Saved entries
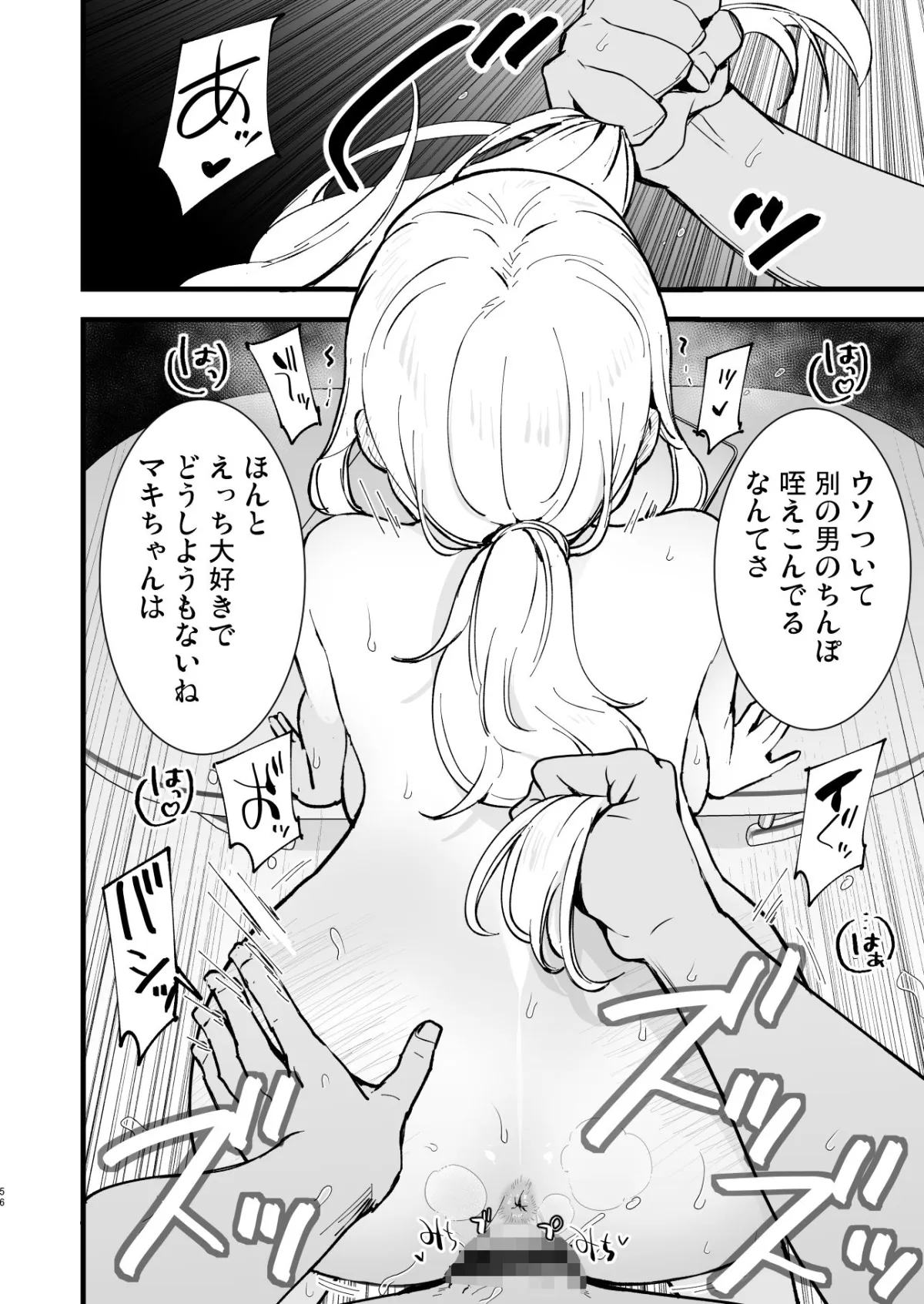 ボクの彼女はカフェ店員2〜寝取られ、堕ちて〜 ボクの彼女はカフェ店員2〜寝取られ、堕ちて〜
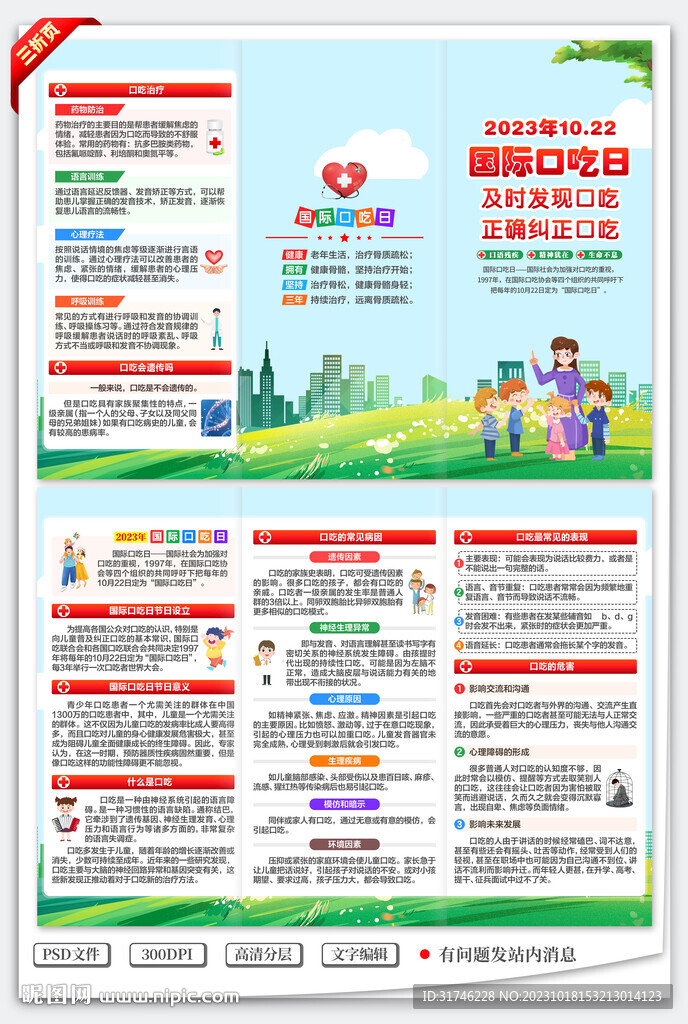 國際口吃日三折頁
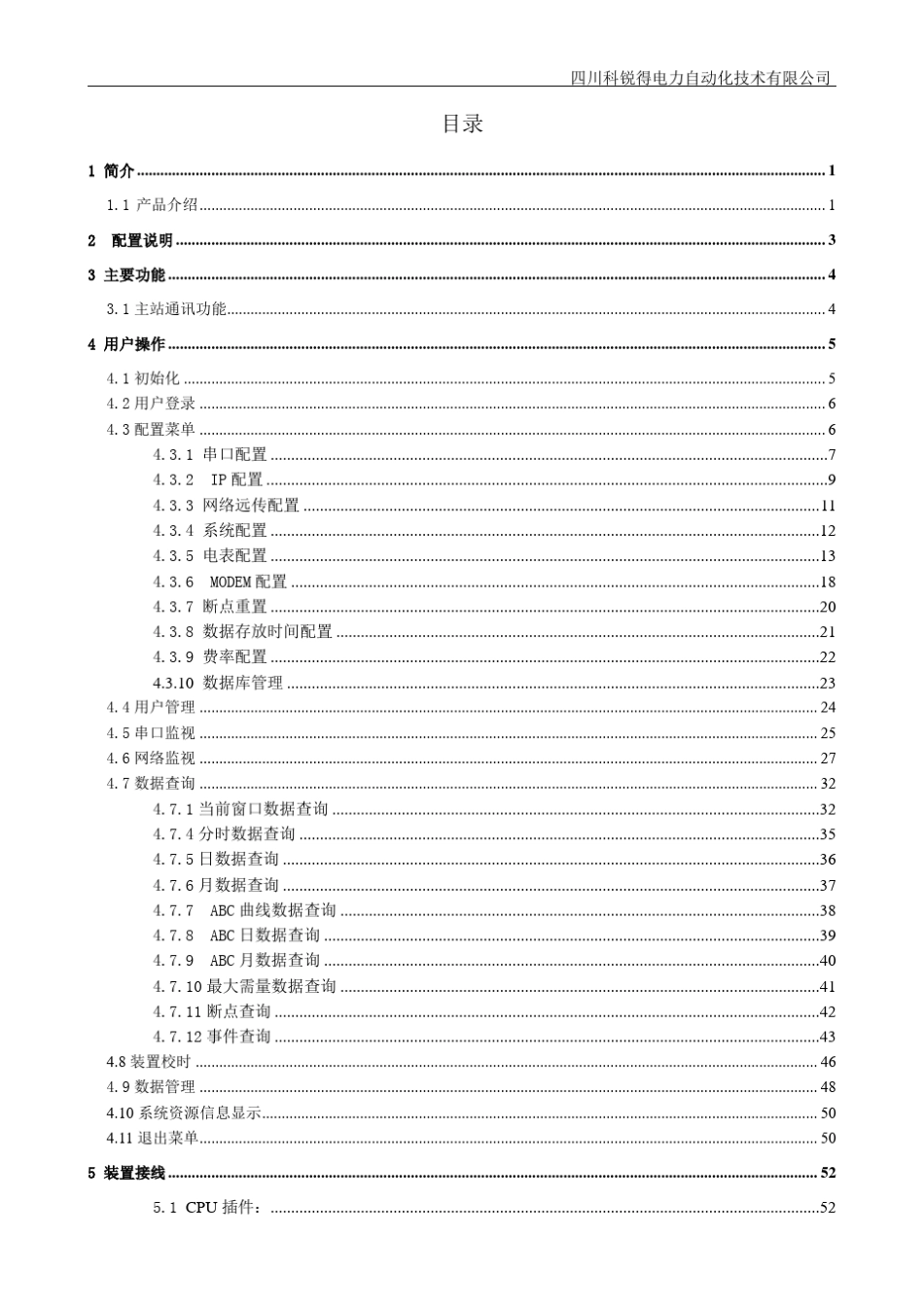 D100电能量采集终端用户手册v1.1_第3页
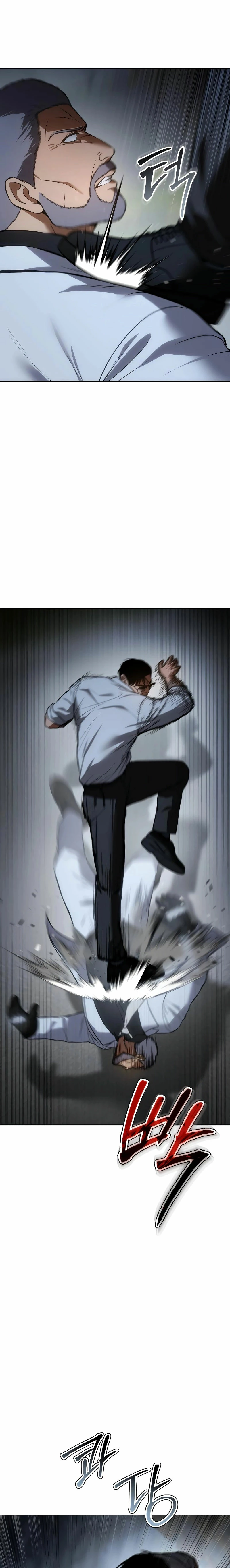 Los gemelos Baek Capítulo 58 - Page 12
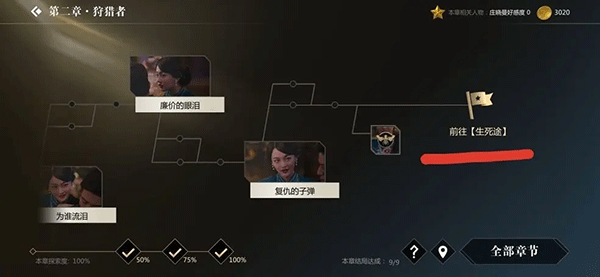 隐形守护者攻略全流程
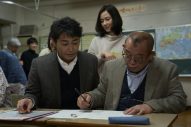 笑福亭鶴瓶/WESTꓸ重岡大毅×原田知世/上白石萌音出演映画『35年目のラブレター』より、場面写真12点一挙解禁 - 画像一覧（8/13）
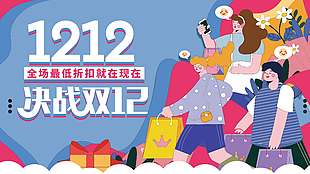 決戰雙十二全場最低折促銷展板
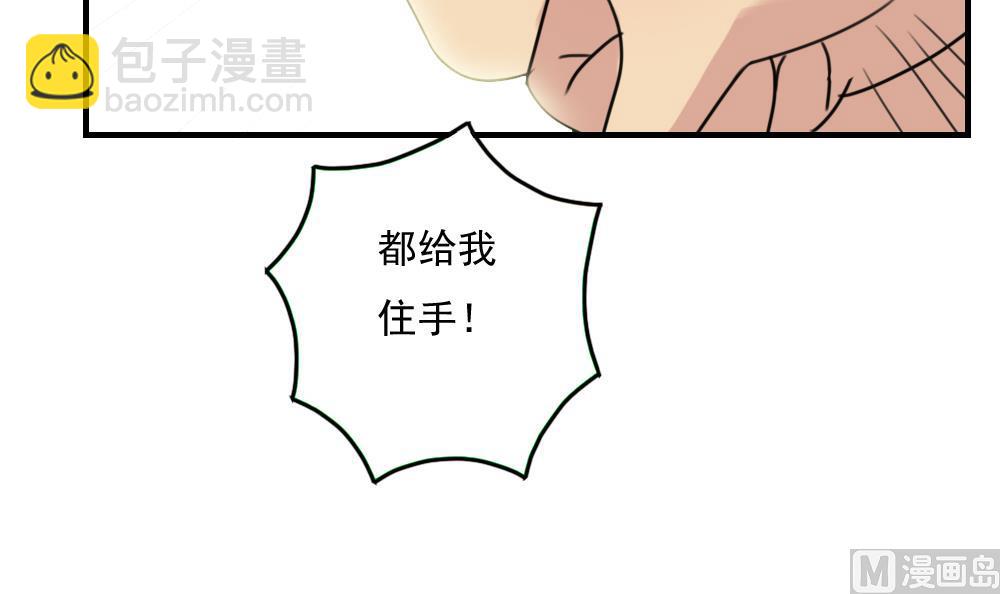 🍼都是黑丝惹的祸 第216话 决裂 2 第28页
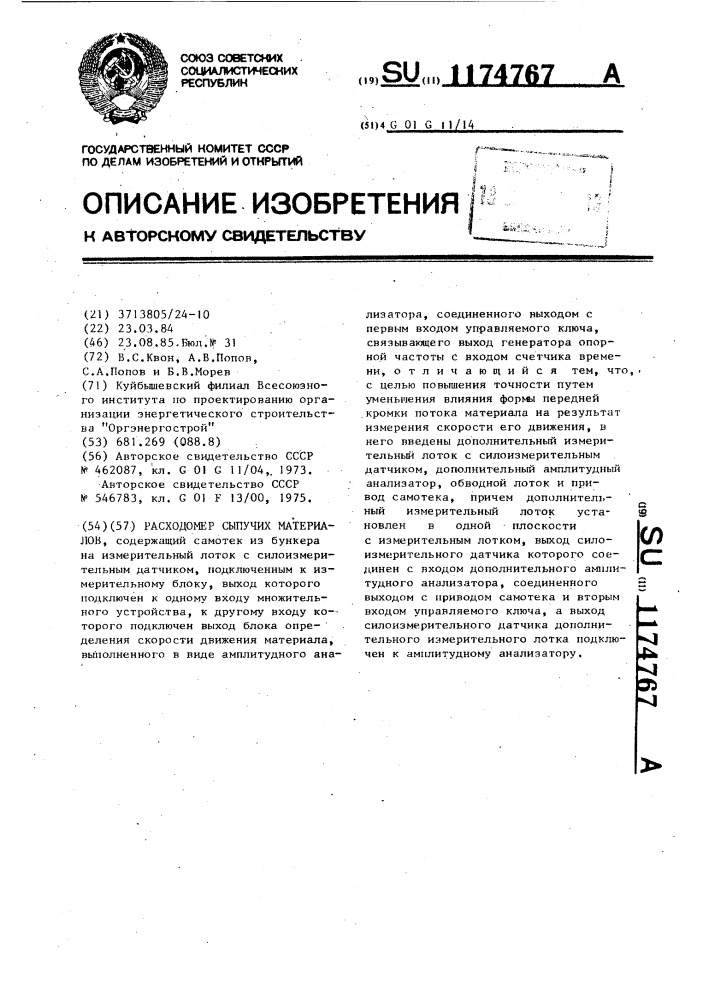 Расходомер сыпучих материалов (патент 1174767)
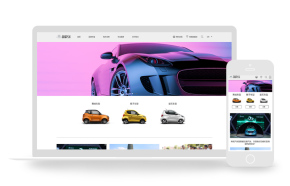 中英文双语品牌汽车连锁加盟企业网站响应式织梦模板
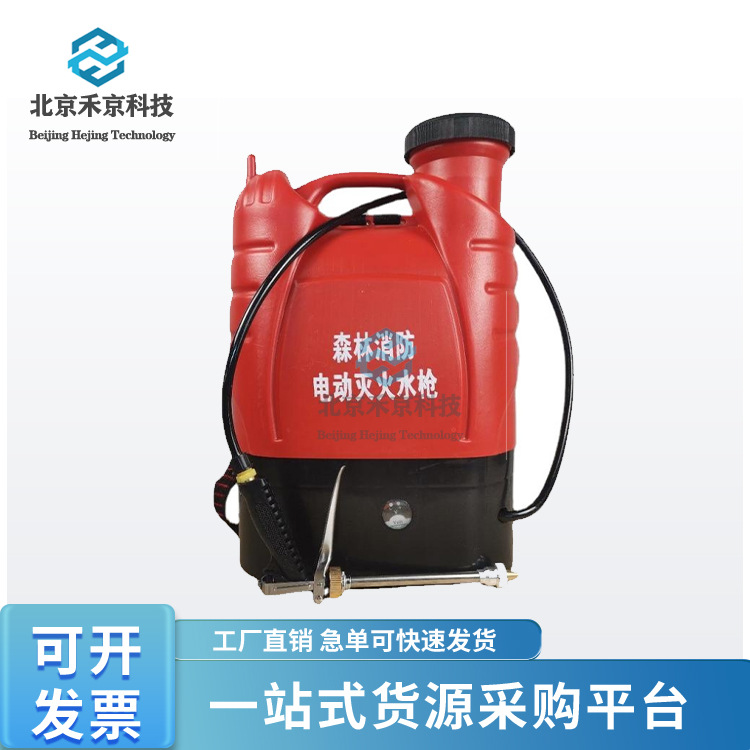 森林消防电动灭火水枪往复式背负电动灭火水枪背桶式森林防火水枪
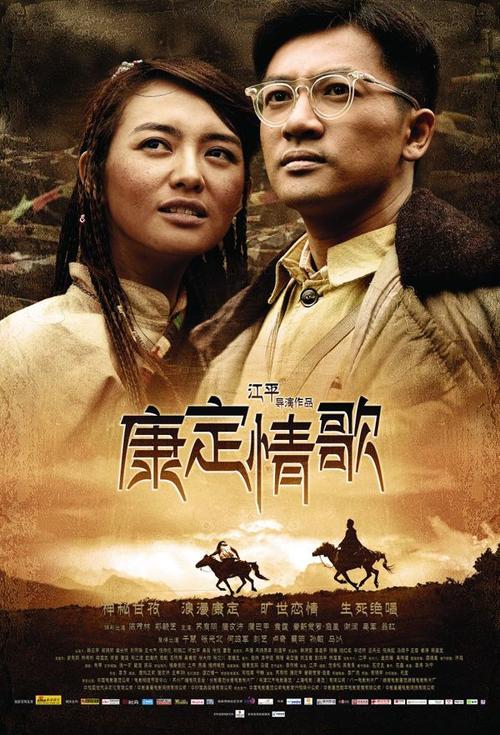 不动产证证明内容预售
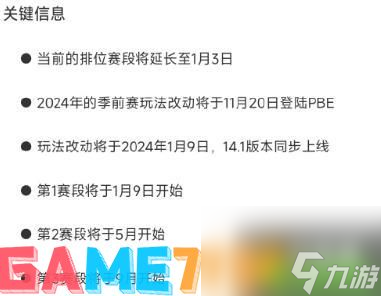 英雄联盟2024季前赛时间介绍(图2)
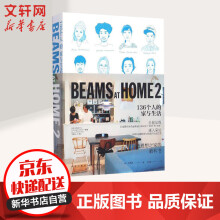 Beams 商品搜索 京东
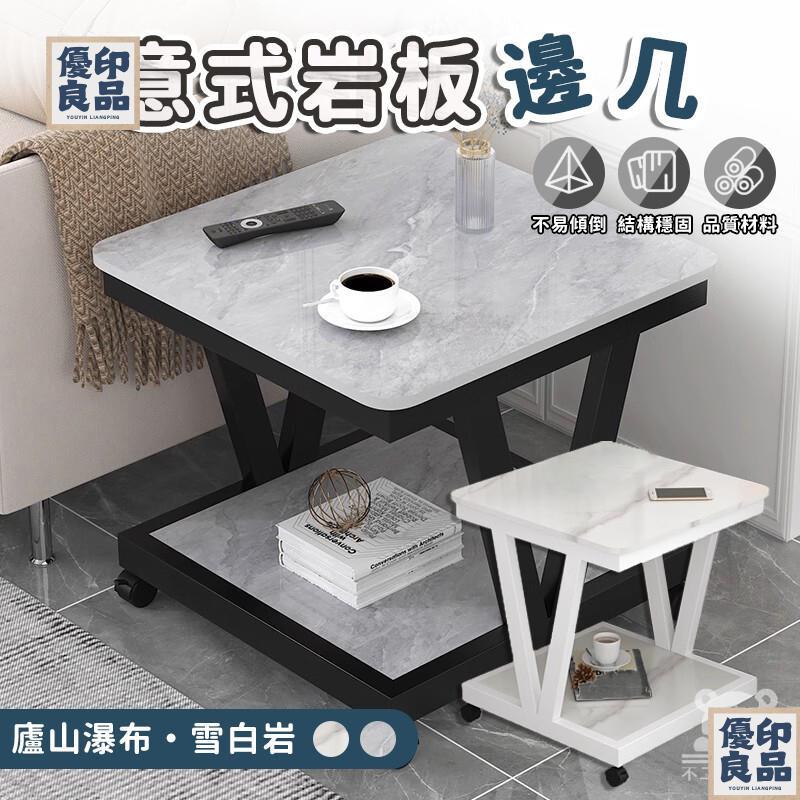 免運 工廠直銷 【意式巖板邊幾 免運】巖板邊幾 邊桌 方形茶幾 客廳沙發邊幾 北歐風茶幾 雙層邊幾 現代簡約邊桌 小戶型租屋公寓特惠/可開發票 售後保障 全館折扣y5410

◆ **Try it**
With the pictures left out, return each entry exactly as written.

◆ **Answer section**
 ボクの彼女はカフェ店員2〜寝取られ、堕ちて〜 ボクの彼女はカフェ店員2〜寝取られ、堕ちて〜
 國際口吃日三折頁
 D100电能量采集终端用户手册v1.1_第3页
 Los gemelos Baek Capítulo 58 - Page 12
 隐形守护者攻略全流程
 笑福亭鶴瓶/WESTꓸ重岡大毅×原田知世/上白石萌音出演映画『35年目のラブレター』より、場面写真12点一挙解禁 - 画像一覧（8/13）
 決戰雙十二全場最低折促銷展板
 🍼都是黑丝惹的祸 第216话 决裂 2 第28页
 Расходомер сыпучих материалов (патент 1174767)
 中英文双语品牌汽车连锁加盟企业网站响应式织梦模板
 森林消防电动灭火水枪往复式背负电动灭火水枪背桶式森林防火水枪
 不动产证证明内容预售
 英雄联盟2024季前赛时间介绍(图2)
 Beams 商品搜索 京东
 免運 工廠直銷 【意式巖板邊幾 免運】巖板邊幾 邊桌 方形茶幾 客廳沙發邊幾 北歐風茶幾 雙層邊幾 現代簡約邊桌 小戶型租屋公寓特惠/可開發票 售後保障 全館折扣y5410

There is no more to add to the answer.